TASK INSTRUCTIONS
Starting at the line holding "Checkerboard Squares Abstract" and finishing at the line holding "Comodă TV Asha", transcribe the material exactly, keeping both ends but no pictures.

=== DATA SUPPLIED ===

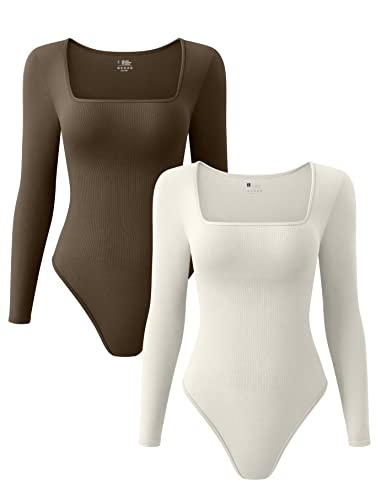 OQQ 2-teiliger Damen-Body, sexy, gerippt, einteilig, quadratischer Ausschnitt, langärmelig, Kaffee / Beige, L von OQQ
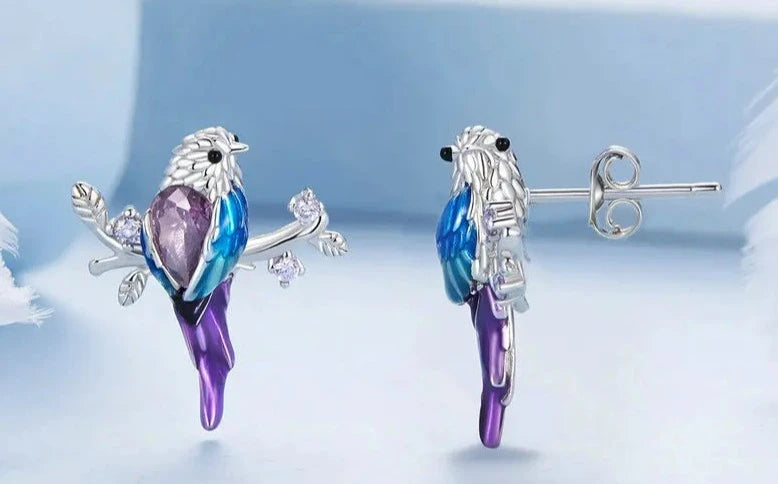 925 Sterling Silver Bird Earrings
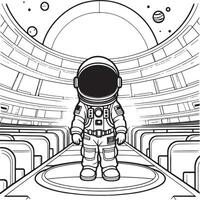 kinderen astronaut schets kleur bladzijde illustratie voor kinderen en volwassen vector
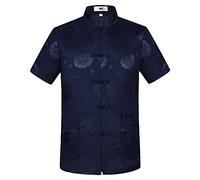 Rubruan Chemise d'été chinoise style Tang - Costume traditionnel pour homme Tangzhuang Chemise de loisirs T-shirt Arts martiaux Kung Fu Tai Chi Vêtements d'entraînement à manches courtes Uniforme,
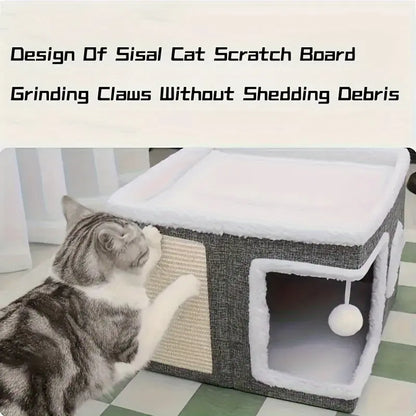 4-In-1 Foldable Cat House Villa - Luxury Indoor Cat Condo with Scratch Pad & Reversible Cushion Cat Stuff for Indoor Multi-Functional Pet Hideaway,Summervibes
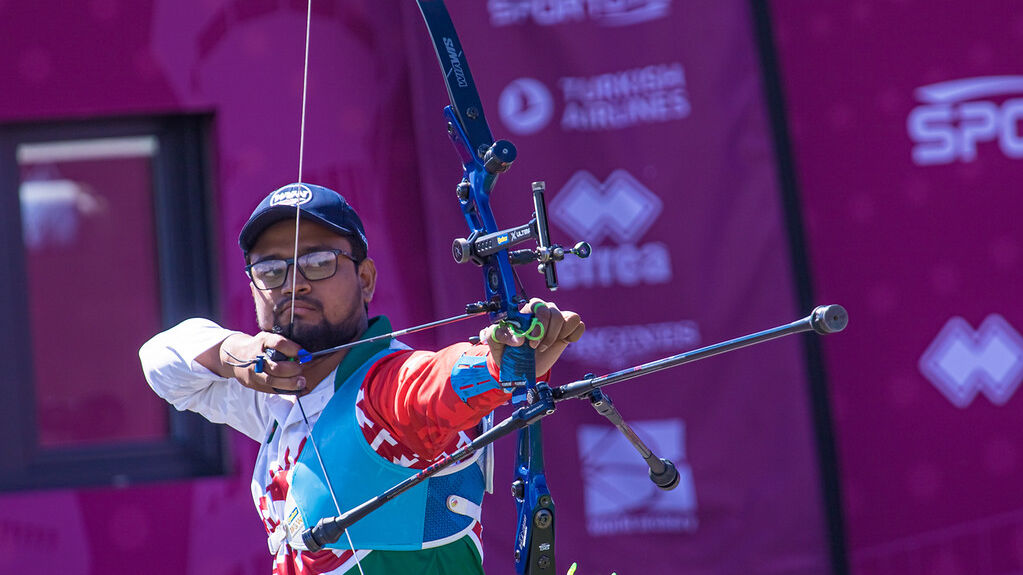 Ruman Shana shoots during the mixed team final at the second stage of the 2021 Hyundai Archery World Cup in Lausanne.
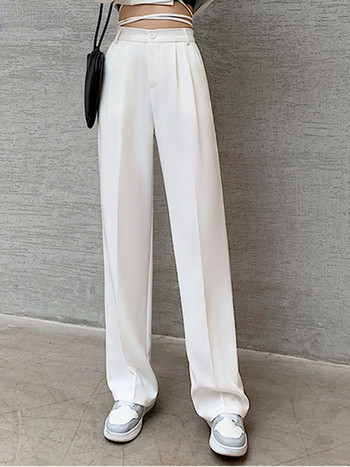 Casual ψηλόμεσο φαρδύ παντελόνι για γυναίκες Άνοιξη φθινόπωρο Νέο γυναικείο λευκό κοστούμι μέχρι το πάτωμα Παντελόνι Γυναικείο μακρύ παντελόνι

===
=== DATA SUPPLIED ===

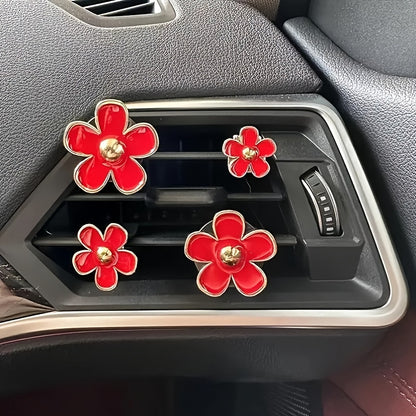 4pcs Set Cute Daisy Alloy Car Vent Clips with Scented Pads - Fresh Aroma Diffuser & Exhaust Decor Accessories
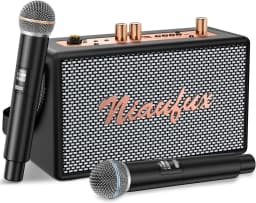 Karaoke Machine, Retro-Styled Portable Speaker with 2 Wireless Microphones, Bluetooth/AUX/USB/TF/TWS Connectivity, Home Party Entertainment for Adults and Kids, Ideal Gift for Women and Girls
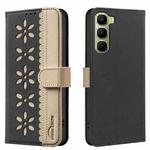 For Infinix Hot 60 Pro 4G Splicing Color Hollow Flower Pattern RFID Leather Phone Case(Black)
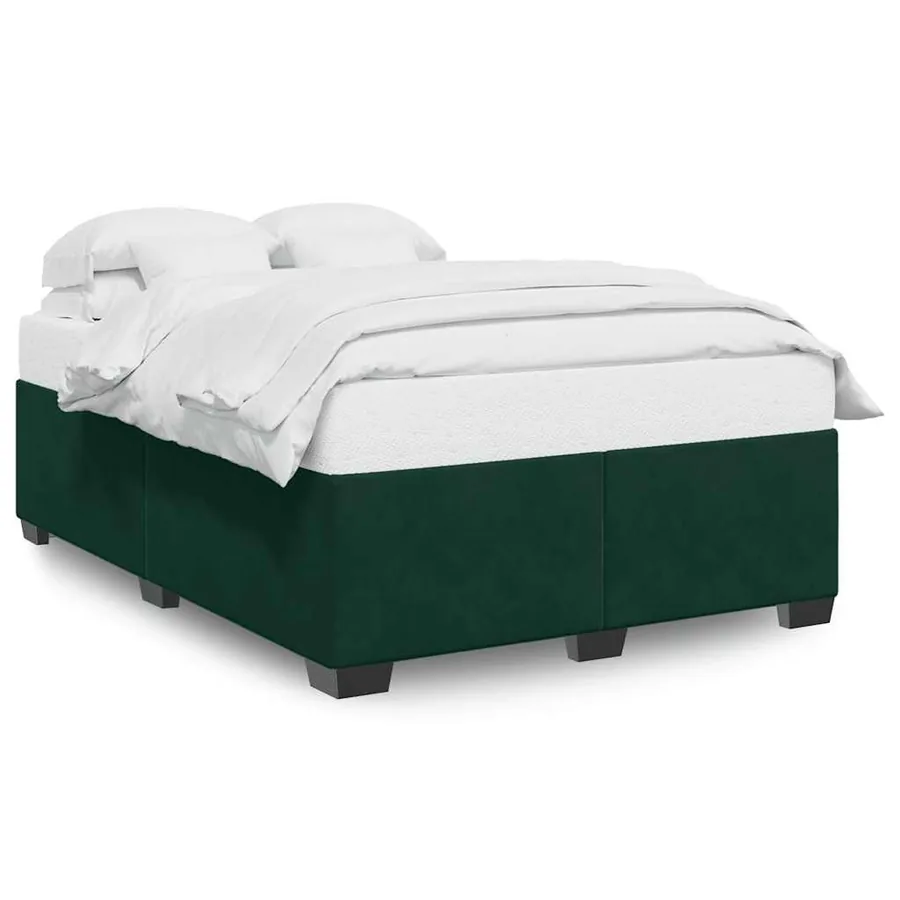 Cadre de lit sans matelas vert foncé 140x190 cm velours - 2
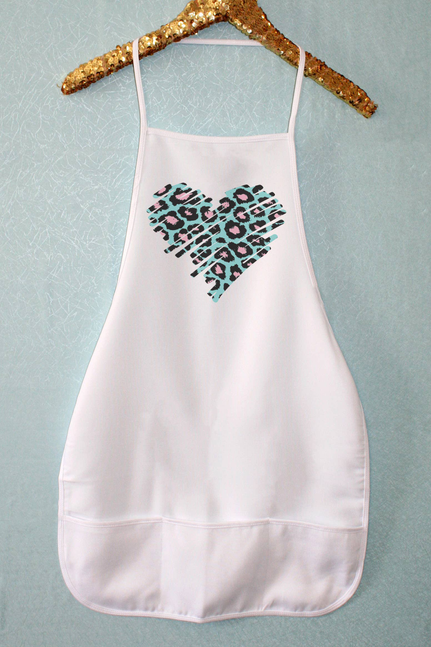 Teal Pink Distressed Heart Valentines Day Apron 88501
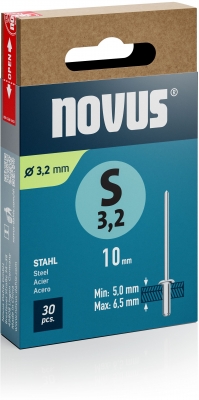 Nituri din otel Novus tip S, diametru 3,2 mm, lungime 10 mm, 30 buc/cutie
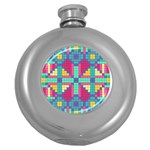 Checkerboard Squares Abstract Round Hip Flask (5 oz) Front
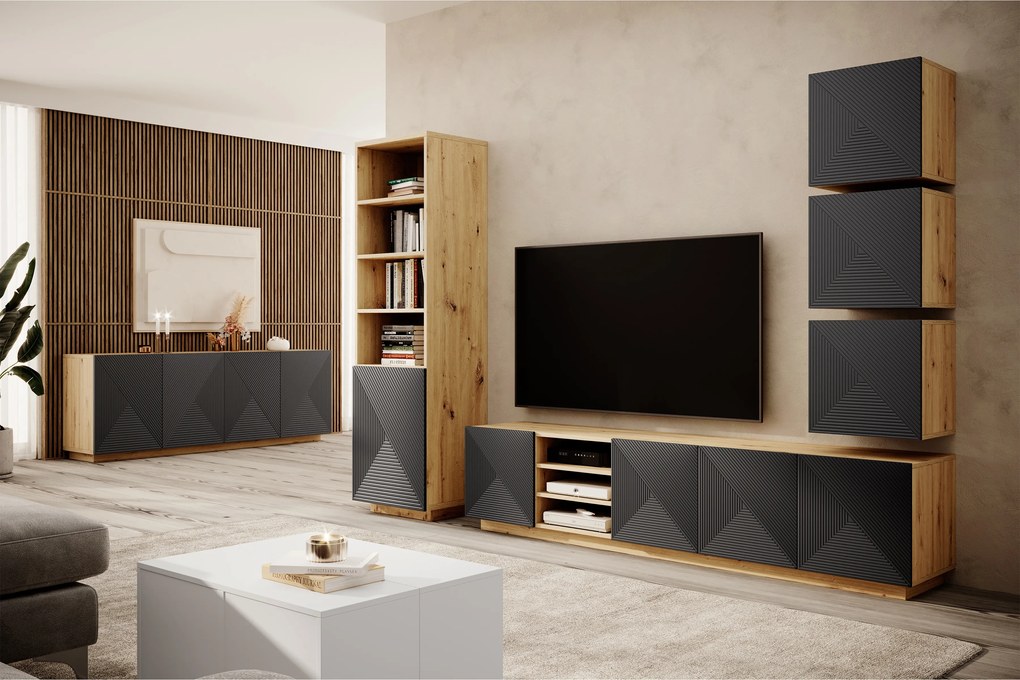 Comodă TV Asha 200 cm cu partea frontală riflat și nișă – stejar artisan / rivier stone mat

===
=== DATA SUPPLIED ===

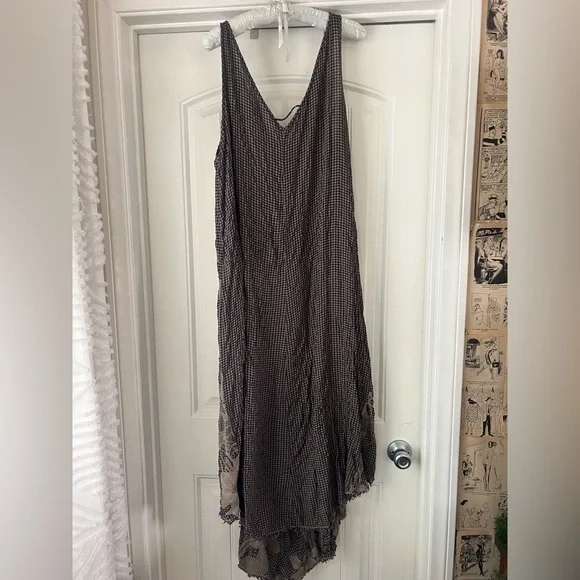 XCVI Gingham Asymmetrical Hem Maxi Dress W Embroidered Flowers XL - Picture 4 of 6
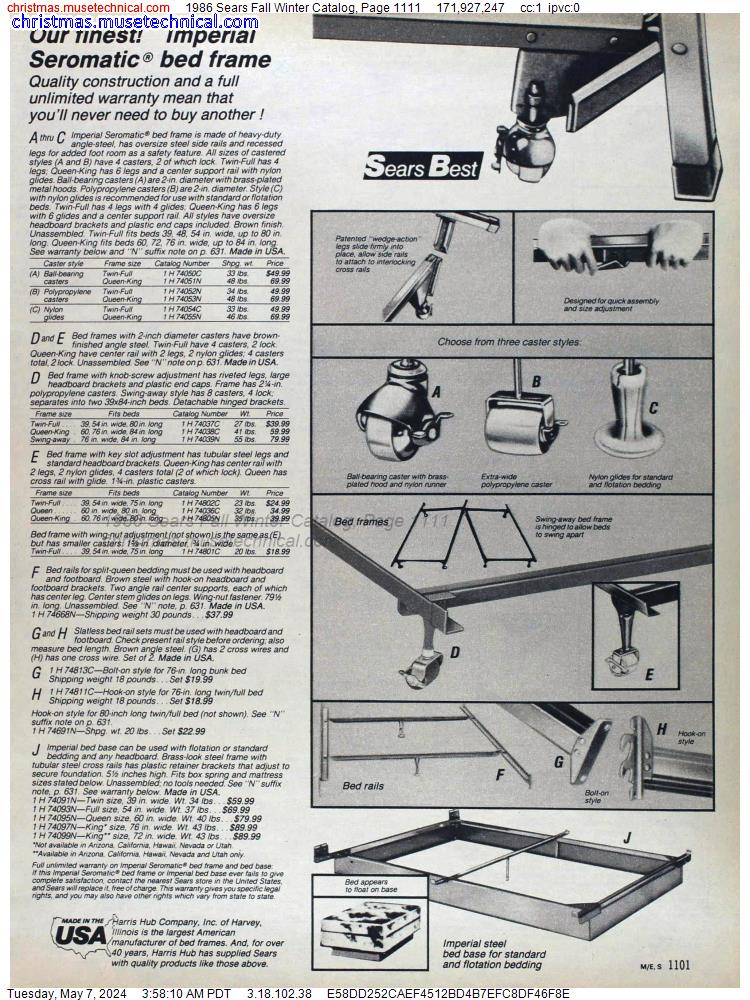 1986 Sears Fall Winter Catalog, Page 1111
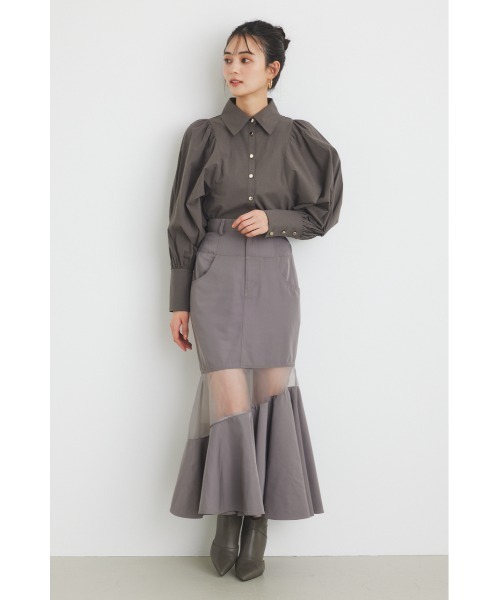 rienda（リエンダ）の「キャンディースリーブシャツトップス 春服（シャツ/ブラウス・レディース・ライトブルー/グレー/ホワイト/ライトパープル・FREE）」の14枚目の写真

===

REPLY TO THE EXERCISE
 Checkerboard Squares Abstract Round Hip Flask (5 oz) Front
 Comodă TV Asha 200 cm cu partea frontală riflat și nișă – stejar artisan / rivier stone mat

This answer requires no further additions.